STORED DATA below:
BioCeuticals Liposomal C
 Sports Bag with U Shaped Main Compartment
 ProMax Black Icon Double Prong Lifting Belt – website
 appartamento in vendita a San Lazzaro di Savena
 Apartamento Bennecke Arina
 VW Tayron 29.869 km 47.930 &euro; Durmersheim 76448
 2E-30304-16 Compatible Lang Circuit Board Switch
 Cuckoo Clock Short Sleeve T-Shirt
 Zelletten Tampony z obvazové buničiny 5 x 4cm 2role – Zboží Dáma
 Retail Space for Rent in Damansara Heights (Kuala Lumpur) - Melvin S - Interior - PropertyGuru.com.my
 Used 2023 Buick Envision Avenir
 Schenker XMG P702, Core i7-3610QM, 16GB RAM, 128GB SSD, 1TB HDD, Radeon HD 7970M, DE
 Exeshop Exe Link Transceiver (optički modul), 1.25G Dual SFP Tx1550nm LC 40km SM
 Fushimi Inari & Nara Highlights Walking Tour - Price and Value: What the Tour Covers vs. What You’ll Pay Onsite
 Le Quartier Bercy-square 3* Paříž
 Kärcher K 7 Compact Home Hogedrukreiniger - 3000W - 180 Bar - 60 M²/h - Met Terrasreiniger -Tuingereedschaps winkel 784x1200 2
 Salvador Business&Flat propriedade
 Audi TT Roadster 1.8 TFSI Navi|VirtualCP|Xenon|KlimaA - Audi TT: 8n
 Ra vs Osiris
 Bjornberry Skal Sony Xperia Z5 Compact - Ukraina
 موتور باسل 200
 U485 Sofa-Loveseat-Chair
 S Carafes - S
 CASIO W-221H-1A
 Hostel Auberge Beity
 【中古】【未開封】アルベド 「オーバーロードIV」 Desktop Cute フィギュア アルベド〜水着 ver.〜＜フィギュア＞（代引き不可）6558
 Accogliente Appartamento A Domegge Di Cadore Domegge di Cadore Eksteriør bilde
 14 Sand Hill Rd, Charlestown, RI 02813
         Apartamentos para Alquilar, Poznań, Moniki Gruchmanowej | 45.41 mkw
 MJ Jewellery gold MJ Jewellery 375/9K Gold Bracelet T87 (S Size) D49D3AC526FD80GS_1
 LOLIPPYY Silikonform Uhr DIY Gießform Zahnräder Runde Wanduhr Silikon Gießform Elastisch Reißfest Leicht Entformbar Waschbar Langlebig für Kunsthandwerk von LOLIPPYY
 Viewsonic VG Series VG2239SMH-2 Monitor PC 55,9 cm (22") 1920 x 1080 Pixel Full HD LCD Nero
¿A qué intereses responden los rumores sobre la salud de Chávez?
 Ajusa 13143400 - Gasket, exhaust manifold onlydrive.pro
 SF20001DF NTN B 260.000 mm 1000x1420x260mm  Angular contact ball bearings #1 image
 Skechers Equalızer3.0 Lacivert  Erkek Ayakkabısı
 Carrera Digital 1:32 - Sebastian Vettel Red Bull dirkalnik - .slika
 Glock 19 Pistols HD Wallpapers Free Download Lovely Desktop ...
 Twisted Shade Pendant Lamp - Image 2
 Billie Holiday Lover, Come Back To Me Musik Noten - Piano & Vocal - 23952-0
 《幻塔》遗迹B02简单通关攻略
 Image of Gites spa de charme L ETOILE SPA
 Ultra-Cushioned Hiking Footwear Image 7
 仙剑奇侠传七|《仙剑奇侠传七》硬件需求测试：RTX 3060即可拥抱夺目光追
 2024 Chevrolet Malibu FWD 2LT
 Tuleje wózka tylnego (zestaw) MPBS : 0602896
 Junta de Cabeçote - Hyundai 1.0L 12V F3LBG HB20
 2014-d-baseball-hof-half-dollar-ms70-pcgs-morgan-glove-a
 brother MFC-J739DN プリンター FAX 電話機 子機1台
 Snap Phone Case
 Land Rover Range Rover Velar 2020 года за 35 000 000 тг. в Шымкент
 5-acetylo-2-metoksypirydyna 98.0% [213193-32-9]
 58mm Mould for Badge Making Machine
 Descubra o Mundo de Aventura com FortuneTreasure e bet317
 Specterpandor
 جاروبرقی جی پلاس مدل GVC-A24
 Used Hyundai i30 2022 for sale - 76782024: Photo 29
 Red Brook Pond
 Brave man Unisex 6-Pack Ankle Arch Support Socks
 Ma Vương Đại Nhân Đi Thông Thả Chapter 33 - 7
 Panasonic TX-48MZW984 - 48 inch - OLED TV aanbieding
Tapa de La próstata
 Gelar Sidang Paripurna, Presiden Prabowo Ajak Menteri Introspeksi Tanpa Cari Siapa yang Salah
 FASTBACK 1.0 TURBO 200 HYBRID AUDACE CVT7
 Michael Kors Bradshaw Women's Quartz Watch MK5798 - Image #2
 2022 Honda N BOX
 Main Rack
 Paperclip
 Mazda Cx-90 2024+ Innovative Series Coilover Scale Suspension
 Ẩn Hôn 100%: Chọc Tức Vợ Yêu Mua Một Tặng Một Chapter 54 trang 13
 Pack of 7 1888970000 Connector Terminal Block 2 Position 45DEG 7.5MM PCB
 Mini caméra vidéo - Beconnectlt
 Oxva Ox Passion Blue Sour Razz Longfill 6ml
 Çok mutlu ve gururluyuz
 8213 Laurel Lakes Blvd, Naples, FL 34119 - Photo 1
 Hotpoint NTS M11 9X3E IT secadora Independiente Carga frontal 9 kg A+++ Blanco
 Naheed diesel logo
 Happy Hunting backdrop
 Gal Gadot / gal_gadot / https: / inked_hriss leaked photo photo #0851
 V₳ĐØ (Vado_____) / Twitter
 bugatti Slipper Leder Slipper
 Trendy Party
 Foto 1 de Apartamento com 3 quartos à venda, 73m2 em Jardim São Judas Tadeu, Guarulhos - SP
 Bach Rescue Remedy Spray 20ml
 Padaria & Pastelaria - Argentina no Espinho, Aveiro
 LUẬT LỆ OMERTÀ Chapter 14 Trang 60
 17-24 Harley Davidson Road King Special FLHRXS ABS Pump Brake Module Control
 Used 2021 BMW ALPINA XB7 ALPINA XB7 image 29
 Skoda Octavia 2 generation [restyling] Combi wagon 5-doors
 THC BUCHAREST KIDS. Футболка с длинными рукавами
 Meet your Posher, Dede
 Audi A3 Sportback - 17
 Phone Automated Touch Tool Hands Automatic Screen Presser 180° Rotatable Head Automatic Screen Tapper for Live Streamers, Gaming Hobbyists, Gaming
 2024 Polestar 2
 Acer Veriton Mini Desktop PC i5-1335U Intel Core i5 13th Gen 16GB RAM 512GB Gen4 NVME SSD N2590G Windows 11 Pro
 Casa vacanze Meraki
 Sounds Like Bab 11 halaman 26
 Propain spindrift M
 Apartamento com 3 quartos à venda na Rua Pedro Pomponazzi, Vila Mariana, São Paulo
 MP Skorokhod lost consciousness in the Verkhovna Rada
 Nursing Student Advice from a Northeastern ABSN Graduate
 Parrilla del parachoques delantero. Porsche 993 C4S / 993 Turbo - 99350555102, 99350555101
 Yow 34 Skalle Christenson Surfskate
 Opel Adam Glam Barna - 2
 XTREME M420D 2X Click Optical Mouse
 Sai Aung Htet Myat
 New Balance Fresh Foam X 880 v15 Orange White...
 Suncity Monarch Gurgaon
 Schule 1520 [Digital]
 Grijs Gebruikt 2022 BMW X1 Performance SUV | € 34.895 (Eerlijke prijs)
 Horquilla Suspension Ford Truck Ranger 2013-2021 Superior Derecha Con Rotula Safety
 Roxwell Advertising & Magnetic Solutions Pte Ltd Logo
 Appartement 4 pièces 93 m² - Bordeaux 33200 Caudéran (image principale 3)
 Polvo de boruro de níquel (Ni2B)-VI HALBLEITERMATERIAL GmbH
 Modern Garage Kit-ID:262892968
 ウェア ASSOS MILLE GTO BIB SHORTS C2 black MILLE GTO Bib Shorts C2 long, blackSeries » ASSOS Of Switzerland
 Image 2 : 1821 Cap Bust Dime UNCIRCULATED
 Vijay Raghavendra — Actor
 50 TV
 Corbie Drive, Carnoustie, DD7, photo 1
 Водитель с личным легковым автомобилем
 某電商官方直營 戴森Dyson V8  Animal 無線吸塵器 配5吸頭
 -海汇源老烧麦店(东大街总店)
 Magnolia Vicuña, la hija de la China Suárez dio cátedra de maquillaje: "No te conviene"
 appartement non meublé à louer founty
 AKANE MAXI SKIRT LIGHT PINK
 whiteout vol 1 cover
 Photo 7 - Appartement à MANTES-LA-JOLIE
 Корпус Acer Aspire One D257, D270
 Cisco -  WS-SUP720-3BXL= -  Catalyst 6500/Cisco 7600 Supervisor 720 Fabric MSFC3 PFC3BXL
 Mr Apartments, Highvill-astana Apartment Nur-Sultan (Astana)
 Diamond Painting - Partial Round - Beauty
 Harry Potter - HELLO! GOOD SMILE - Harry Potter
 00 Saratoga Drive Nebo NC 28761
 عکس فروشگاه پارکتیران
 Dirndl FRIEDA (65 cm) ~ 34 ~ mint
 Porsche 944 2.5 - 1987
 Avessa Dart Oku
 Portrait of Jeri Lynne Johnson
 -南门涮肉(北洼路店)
End of STORED DATA.
# WHAT THE TASK ASKS
From the records above, transcribe exactly the run of lines that opens with the line holding "Kärcher K 7" and closes with the line holding "Skechers Equalızer3.0 Lacivert", both included.

# YOUR RESPONSE
 Kärcher K 7 Compact Home Hogedrukreiniger - 3000W - 180 Bar - 60 M²/h - Met Terrasreiniger -Tuingereedschaps winkel 784x1200 2
 Salvador Business&Flat propriedade
 Audi TT Roadster 1.8 TFSI Navi|VirtualCP|Xenon|KlimaA - Audi TT: 8n
 Ra vs Osiris
 Bjornberry Skal Sony Xperia Z5 Compact - Ukraina
 موتور باسل 200
 U485 Sofa-Loveseat-Chair
 S Carafes - S
 CASIO W-221H-1A
 Hostel Auberge Beity
 【中古】【未開封】アルベド 「オーバーロードIV」 Desktop Cute フィギュア アルベド〜水着 ver.〜＜フィギュア＞（代引き不可）6558
 Accogliente Appartamento A Domegge Di Cadore Domegge di Cadore Eksteriør bilde
 14 Sand Hill Rd, Charlestown, RI 02813
         Apartamentos para Alquilar, Poznań, Moniki Gruchmanowej | 45.41 mkw
 MJ Jewellery gold MJ Jewellery 375/9K Gold Bracelet T87 (S Size) D49D3AC526FD80GS_1
 LOLIPPYY Silikonform Uhr DIY Gießform Zahnräder Runde Wanduhr Silikon Gießform Elastisch Reißfest Leicht Entformbar Waschbar Langlebig für Kunsthandwerk von LOLIPPYY
 Viewsonic VG Series VG2239SMH-2 Monitor PC 55,9 cm (22") 1920 x 1080 Pixel Full HD LCD Nero
¿A qué intereses responden los rumores sobre la salud de Chávez?
 Ajusa 13143400 - Gasket, exhaust manifold onlydrive.pro
 SF20001DF NTN B 260.000 mm 1000x1420x260mm  Angular contact ball bearings #1 image
 Skechers Equalızer3.0 Lacivert  Erkek Ayakkabısı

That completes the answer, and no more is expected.